A: No, because they have rats for real! [Laughs.] And they have great food! I think it helps them more than anything. I have people texting me, saying, “We’re eating at Coop’s right now and we don’t see any rats.”
Q: Another thing that is interesting about your stand-up is you can’t be summed up in a sentence or two, like “Don Rickles insults people.”
A: Ideally I want to be able to have solid jokes about lots of things. Like I do a lot of sports stuff. Because of that, I’ve been able to get opportunities to do stuff with ESPN. And I do a lot of music stuff and because of that a lot of rappers put me on their record and I’ll do music festivals. And I do stuff about the Internet so I hosted the Webby Awards. It is not super calculated, it is just that I’ve got a bunch of different interests.
Q: What about your process — do you run hot and cold in terms of generating material?
A: It is easier to write stand-up when you are doing a lot of stand-up. Once you get into that mode — I felt it during the second and third set in New York last night. There was an energy and I was just sharper and better. Later, just walking around, you feel more active, like something can trigger a thought.

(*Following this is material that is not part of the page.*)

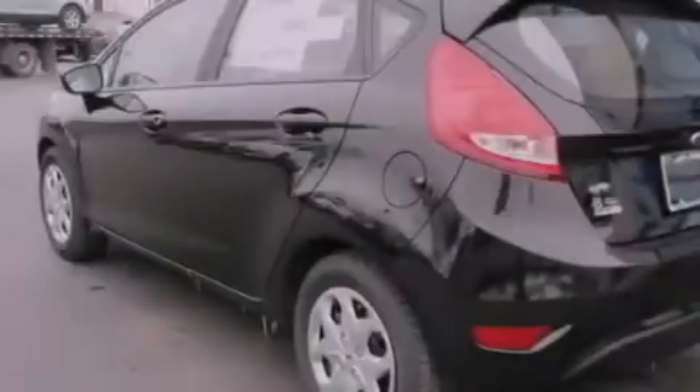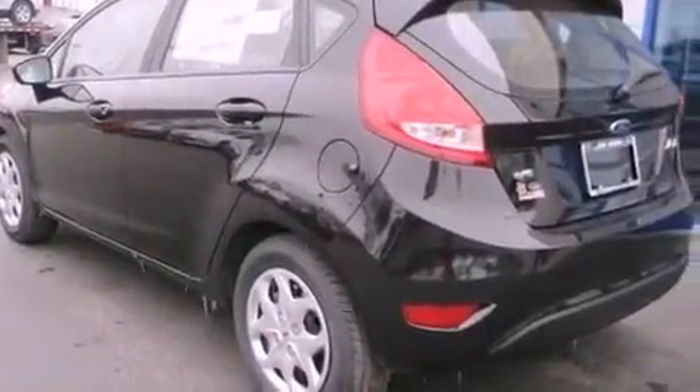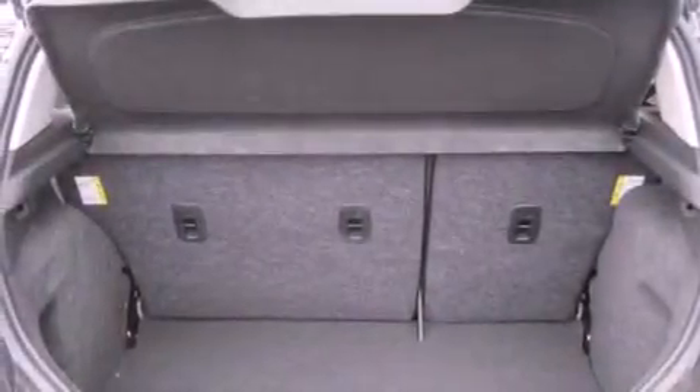A passenger side airbag, rear seat childproof door locks, air conditioning, and a rear spoiler.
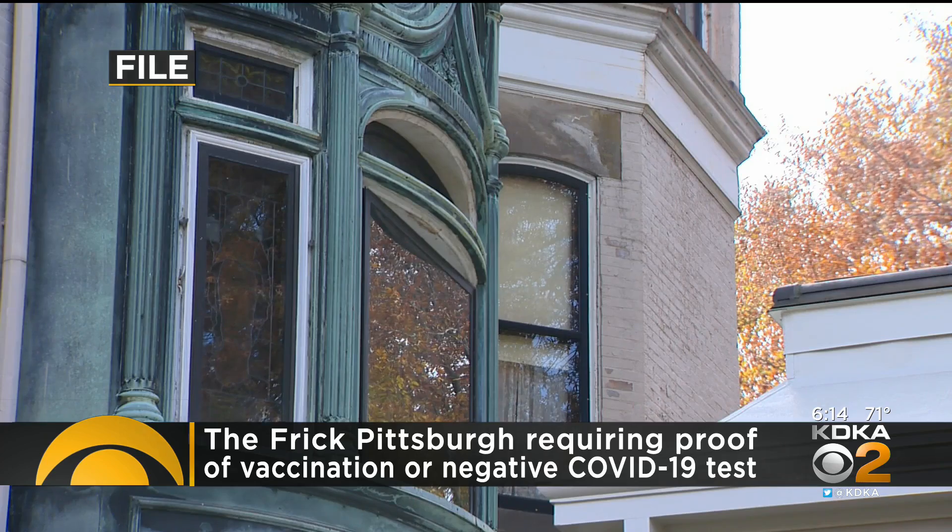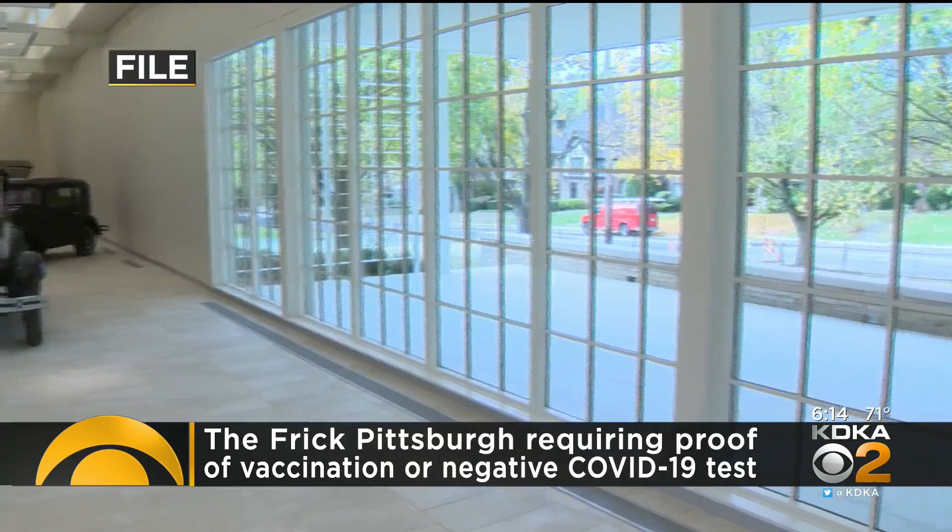The new policy goes into effect the same day Frick employees are required to show proof of vaccination. Masks are also required for everyone.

Q: Did the whole Cosby controversy make it more difficult for you to just let yourself go?
A: No. Not at all.
Q: You can’t afford to be reluctant or safe.
A: Look, man, I’m just trying to do funny stuff.
Q: You’re a huge music fan and you still travel with a DJ to help with your stand-up. And I hear that you are a big fan of Doomtree.
A: Yeah, Dessa reached out a few years ago, and I came in and did the Doomtree Blowout and it was a fun couple days. They’re good people, her and P.O.S.
It’s really cool that Minneapolis is super supportive of underground hip-hop. It is just a good “artist” city. Part of the reason I am doing the special in Minneapolis is that when I was coming up, it was a place where you could be a big draw before anywhere else. People are slightly ahead of the curve as far as their willingness to support something new and different.
Q: This will be your third live special. How does it fit in with your other two in terms of what your longtime fans might get to see?
A: This one is about a dude who has sort of grown up. Well, not grown up, but [his previous special] “Live in Chicago” caught me in a place where I was getting a decent amount of recognition, and this is what happened in the year and a half since then. This is me exploring fame a little bit and exploring relationships, and do I want to have kids — that type of thing. I still have some random weird thoughts and crazy [expletive], too, but there is [more] practical, relatable things. I am more confident in my job now and I am just excited about being able to do something good that people appreciate.
Britt Robson is a Twin Cities freelance writer.